Reality television shows typically hold major auditions for its contestants, who normally are required to supply producers with videotape resumes. CBS and Mark Burnett Productions will do a background check on the contest winners and conduct physical and psychological tests.
As part of the sweepstakes marketing plan, P&G will place 50 million free-standing-insert advertising pieces into newspapers around the country April 4 asking the question, “Are You the Next Survivor?” The advertising piece will instruct viewers to watch the April 8 and April 15 episodes of “Survivor: All-Stars” for clues that will help viewers answer questions. Viewers will have to show proof of purchase for at least three P&G products and respond to the questions by mail or through an Internet site.
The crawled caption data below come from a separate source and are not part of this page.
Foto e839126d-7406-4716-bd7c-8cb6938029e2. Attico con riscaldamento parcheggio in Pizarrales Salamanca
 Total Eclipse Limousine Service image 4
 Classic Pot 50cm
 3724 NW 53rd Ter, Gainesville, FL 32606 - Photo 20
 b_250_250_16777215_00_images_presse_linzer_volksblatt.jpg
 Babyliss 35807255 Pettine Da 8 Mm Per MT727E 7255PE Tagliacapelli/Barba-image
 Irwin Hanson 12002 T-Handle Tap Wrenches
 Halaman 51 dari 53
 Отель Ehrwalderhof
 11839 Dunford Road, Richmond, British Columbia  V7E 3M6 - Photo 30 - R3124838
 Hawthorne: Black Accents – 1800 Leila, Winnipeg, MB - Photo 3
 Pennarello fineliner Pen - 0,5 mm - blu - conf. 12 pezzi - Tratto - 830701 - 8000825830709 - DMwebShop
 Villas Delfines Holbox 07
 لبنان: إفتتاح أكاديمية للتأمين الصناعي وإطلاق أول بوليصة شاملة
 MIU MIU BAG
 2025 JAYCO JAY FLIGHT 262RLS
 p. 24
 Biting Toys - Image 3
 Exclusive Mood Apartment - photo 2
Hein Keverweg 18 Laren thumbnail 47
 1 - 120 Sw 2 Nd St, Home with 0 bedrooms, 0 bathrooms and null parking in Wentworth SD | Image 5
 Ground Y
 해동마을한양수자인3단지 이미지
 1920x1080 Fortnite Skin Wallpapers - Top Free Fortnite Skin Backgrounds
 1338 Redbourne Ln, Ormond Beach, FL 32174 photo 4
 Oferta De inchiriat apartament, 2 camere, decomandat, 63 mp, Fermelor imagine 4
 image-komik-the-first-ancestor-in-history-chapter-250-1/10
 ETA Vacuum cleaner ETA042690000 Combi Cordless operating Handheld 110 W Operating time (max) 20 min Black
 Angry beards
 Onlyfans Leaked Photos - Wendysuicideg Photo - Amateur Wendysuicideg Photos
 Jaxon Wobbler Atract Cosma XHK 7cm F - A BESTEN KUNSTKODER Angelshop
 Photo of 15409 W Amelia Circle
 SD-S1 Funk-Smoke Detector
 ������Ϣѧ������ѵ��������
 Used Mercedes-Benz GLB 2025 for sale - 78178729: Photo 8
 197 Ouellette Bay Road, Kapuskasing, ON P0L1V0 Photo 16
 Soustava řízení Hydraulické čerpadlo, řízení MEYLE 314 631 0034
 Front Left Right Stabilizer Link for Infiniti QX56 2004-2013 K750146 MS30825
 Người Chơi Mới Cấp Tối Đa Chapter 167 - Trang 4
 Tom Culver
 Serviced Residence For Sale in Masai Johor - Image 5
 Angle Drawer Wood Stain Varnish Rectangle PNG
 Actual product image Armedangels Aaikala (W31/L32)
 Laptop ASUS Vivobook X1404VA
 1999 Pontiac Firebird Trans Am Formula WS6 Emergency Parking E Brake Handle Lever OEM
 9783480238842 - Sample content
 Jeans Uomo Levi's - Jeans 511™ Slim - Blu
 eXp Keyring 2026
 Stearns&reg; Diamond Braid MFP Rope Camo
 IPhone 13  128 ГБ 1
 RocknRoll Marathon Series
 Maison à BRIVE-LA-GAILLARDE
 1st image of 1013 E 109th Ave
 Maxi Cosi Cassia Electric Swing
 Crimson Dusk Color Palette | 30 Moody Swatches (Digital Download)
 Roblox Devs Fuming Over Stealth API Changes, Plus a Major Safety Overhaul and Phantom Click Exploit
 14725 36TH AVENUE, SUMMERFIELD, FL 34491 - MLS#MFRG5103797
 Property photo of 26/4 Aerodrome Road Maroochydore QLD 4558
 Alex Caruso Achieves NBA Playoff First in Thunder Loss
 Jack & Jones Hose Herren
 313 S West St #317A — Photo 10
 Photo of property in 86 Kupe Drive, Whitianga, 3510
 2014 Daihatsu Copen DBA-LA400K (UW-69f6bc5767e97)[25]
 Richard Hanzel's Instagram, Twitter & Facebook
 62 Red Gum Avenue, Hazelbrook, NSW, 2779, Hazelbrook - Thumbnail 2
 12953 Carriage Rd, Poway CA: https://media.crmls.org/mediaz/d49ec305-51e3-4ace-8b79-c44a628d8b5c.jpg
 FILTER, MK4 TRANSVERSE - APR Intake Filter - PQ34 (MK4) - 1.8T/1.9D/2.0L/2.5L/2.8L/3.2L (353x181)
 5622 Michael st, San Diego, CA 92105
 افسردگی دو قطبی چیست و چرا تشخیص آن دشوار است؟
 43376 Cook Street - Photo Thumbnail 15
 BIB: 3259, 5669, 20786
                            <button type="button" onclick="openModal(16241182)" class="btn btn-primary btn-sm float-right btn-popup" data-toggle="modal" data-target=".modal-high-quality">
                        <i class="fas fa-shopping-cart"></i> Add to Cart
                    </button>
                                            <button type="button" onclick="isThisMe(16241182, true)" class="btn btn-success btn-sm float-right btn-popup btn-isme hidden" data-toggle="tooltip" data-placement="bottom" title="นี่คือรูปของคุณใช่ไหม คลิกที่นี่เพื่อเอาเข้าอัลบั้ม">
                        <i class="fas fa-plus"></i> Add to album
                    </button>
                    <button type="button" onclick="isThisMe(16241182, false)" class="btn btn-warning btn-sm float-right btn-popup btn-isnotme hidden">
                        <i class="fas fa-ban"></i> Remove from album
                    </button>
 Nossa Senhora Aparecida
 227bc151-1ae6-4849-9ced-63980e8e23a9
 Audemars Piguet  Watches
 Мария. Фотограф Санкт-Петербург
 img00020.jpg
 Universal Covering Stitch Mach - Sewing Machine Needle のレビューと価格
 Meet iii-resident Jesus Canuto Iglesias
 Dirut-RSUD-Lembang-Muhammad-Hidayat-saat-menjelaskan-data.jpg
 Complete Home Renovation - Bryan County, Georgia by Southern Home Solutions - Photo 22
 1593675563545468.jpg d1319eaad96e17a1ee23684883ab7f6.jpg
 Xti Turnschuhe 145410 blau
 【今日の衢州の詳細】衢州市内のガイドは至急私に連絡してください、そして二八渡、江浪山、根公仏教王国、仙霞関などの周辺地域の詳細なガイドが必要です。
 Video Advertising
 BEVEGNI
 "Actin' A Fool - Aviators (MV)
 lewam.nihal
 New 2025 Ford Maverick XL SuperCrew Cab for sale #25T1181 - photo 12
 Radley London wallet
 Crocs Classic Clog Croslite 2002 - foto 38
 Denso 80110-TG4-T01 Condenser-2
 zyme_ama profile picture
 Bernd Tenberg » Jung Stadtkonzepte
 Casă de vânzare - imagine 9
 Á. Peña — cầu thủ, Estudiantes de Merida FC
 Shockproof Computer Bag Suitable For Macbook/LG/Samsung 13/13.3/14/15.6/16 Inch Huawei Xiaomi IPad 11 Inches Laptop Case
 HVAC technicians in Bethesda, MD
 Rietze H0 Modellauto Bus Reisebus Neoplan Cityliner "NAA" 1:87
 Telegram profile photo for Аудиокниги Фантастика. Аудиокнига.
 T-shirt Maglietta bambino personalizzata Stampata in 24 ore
P&G will place TV commercials specifically touting the contest on CBS and radio spots on Viacom radio stations. P&G will also do a print campaign and the contest will have a major Internet component. P&G is also using its retailers to advertise the event.
All this has been part of a major promotion P&G has done with “Survivor” for this edition of the show-it’s the advertiser’s first season as a marketing partner with rights to pursue product integration on the show.
On a recent episode contestants competed for an assortment of bath and toiletries products in a package called “jungle bathroom.” Those products included Crest toothpaste and toothbrush, Scope mouthwash, Zest soap and Herbal Essence shampoo, body lotion and conditioner. It also included a portable solar shower and a portable toilet-all highly desired products, since the contestants are on a remote location with few amenities.
In an upcoming episode, another P&G placement will occur-also featuring about eight to 10 products-which will be set as a reward in a specific “Survivor” challenge where contestants typically compete in a physical stunt.